Before the MoU signing ceremony, the Minister of Mongolia, Chief Cabinet Secretary Luvsannamsrai Oyun-Erdene and Minister of Personnel Management of the Republic of Korea Hwang Seo-chong exchanged their views on the human resource management in the civil service.
Luvsannamsrai Oyun-erdene: What challenges do you face in the personnel management of the civil service? What are the key issues to be addressed over the next 3 years?
Hwang Seo-chong: The most critical issue at stake for public personnel management in Korea is to promote civil servants to engage in ‘proactive public service’.
The Korean society is challenged by ever-increasing global competition and demographic changes driven by aging population. In order for Korea to continue its growth and development under these unfavorable conditions, it is essential for the government to provide necessary regulatory reforms and proactive field response.
Hence, we seek to promote a public service culture in which civil servants will actively perform their duties and take self-initiatives to abolish unnecessary regulations and mundane practices. By punishing civil servants for non-initiating and low risk-taking behaviors that puts citizens at inconveniences, and by providing civil servants taking proactive and self-initiating behaviors with rewards and incentives, our government is committed to fostering a public service culture for ‘proactive governance’.
Moreover, in order to adequately cope with changes in administrative environment, our Ministry is preparing a policy innovation which aims to reform human resource (HR) policies overarching the entire public service life-cycle from the entry into public service, employment period and to the retirement. This means that we will overhaul HR policies that are outdated and fall behind current policy and socioeconomic environment. We will create a virtuous cycle of public service HR management where high caliber talents 1) enter civil service through a fair recruitment system, 2) continue capacity building and accrue professional expertise and get rewarded for their skills and performance, and 3) contribute their know-hows and expertise attained from years of public service to the society after retirement.
Luvsannamsrai Oyun-erdene: How does Korean government deal with ‘poor performance, non-initiating, low risk-taking, hanging around with low productivity but without any mistakes’ civil servants? What kind of incentives do you provide for proactive public service?
Hwang Seo-chong: When civil servants due to lack of initiation or unwillingness to perform their duty cause violation of rights and interests of citizens and/or damage to national finances, we call it ‘passive public service’. These passive (non-initiating, low risk-taking) behaviors of civil servants are considered barriers to citizen-centered public services by delaying administrative process.
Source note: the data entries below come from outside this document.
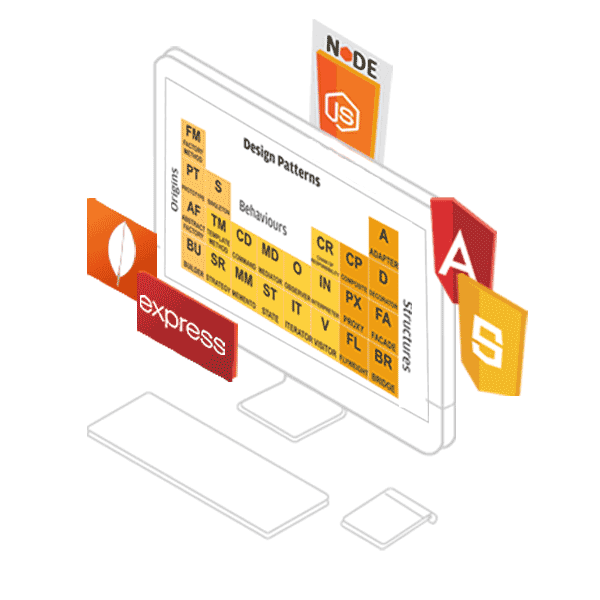 MEAN Stack Development Services - Hire MEAN Stack Development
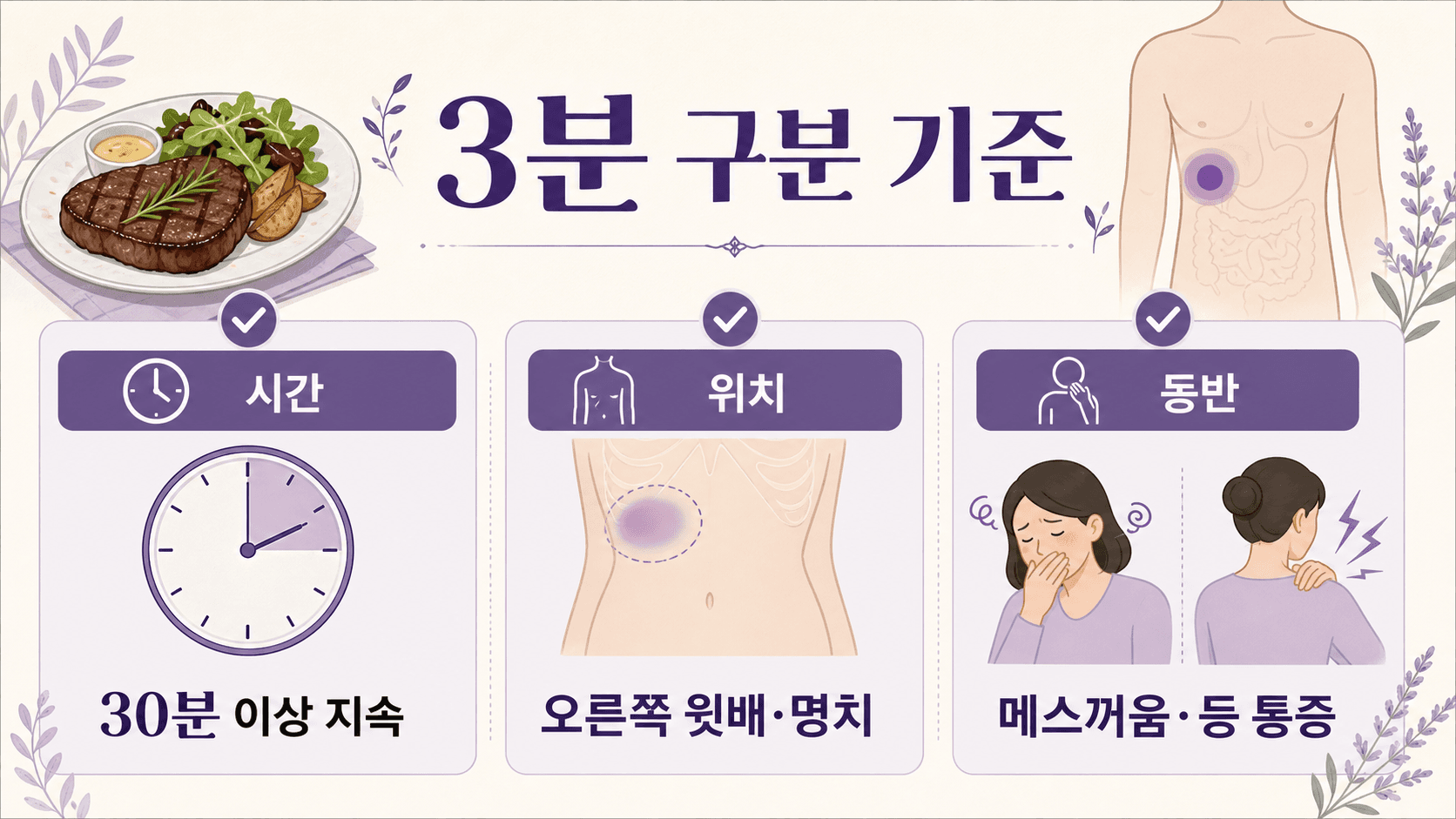 기름진 식사 후 윗배 통증을 위치, 시간, 동반 신호로 나누는 3분 구분 기준 이미지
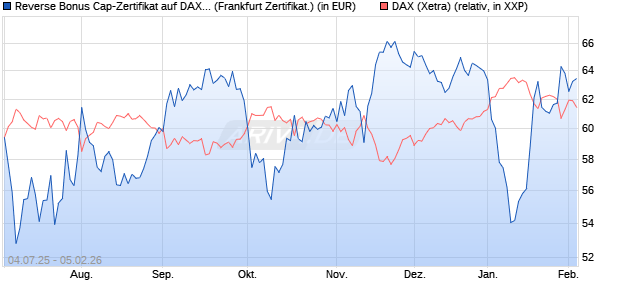 Reverse Bonus Cap-Zertifikat auf DAX [Vontobel] (WKN: VK8AJU) Chart
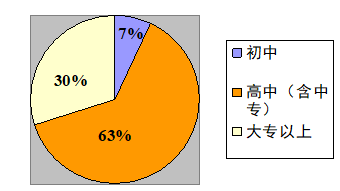 a2b6dcddf55c18a3fcf46a680a266e05
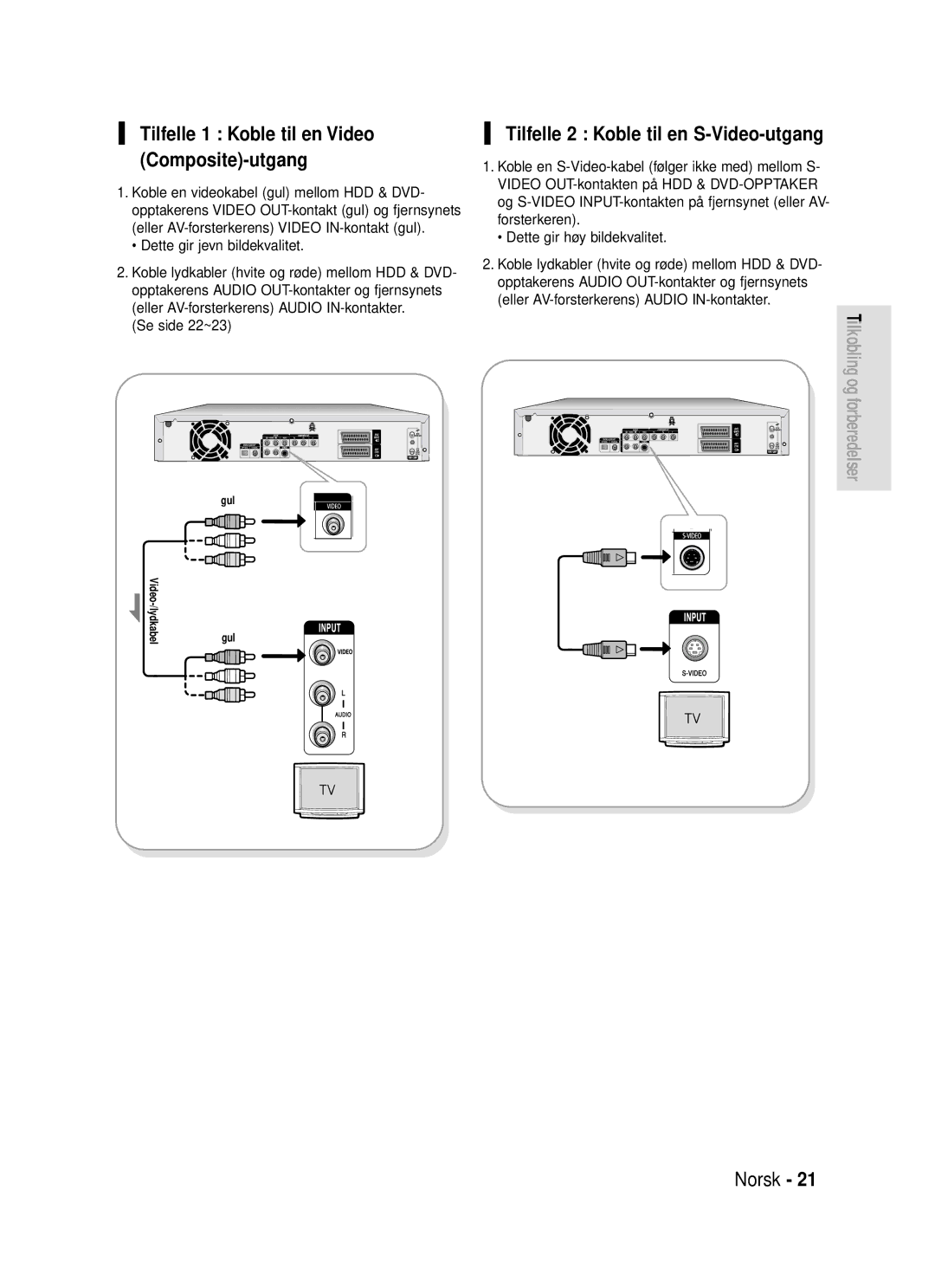 Samsung DVD-HR720/XEE manual Tilfelle 2 Koble til en S-Video-utgang, Tilfelle 1 Koble til en Video Composite-utgang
Passive behaviors may be a temporary solution for an official faced with a challenge, but in the long run, it can lead to public distrust towards government and widen the gap between the laws and the reality.
In order to deal with civil servants demonstrating passive behaviors in performing duty, our Ministry has devised a scheme to punish such behaviors via disciplinary actions or warnings depending on the severity of the issue and the manner in which it was handled. To stop passive behaviors and instead disseminate proactive public service practices, we are trying to come up with more fundamental solutions to improve public service culture through training and education and communications.
We also introduced an incentive system to provide tangible motivation for civil servants to engage in proactive public service. For example, each government ministry will be mandated to periodically select and reward outstanding civil servants demonstrating proactive public service. Rewards will be provided in various forms including, but not limited to, special promotions, overseas training opportunities, and transfers to desired department. With incentives that appropriately reward and recognize civil servants for proactive public service, we can reinstate and strengthen their commitment to public service and promote a public service culture for proactive behaviors.
Luvsannamsrai Oyun-erdene: The new Civil Service Law considers the person’s ability to manage, analyze, problem-solving, leadership, and teamwork in recruitment. This is a change in the principle by discarding the previous system that examined one’s ability to memorize – legal knowledge. However, we still lack the know-how of examining these skills. How has the Korean civil service examinations evolved over the years, and what insights can you provide to shed light to updating the civil service examinations in Mongolia?
Hwang Seo-chong: In 1963 when the State Public Officials Act was amended, the Korean government introduced a merit-principle for appointment of civil servants and selection through the open competitive recruitment examinations. The open competitive recruitment examinations are administered separately for grades 5, 7 and 9 (grade 5 is manager-level, grade 9 is lowest staff-level) every year and are open to every citizen regardless of age, gender, education or work experience. The exams consist of written tests and interviews. The written tests cover both general subjects and specialization subjects, and subjects have been continuously updated over the years. The interviews are intended to test candidate’s knowledge, attitude and communication skills. With structured questions and trained interviewers, we ensure objectivity and fairness in the interviewing process.
Besides the open competitive recruitment examination which does not pose any restrictions on qualifications, we also administer competitive examinations for experienced professionals possessing certain academic backgrounds, certifications/licenses, and professional experiences.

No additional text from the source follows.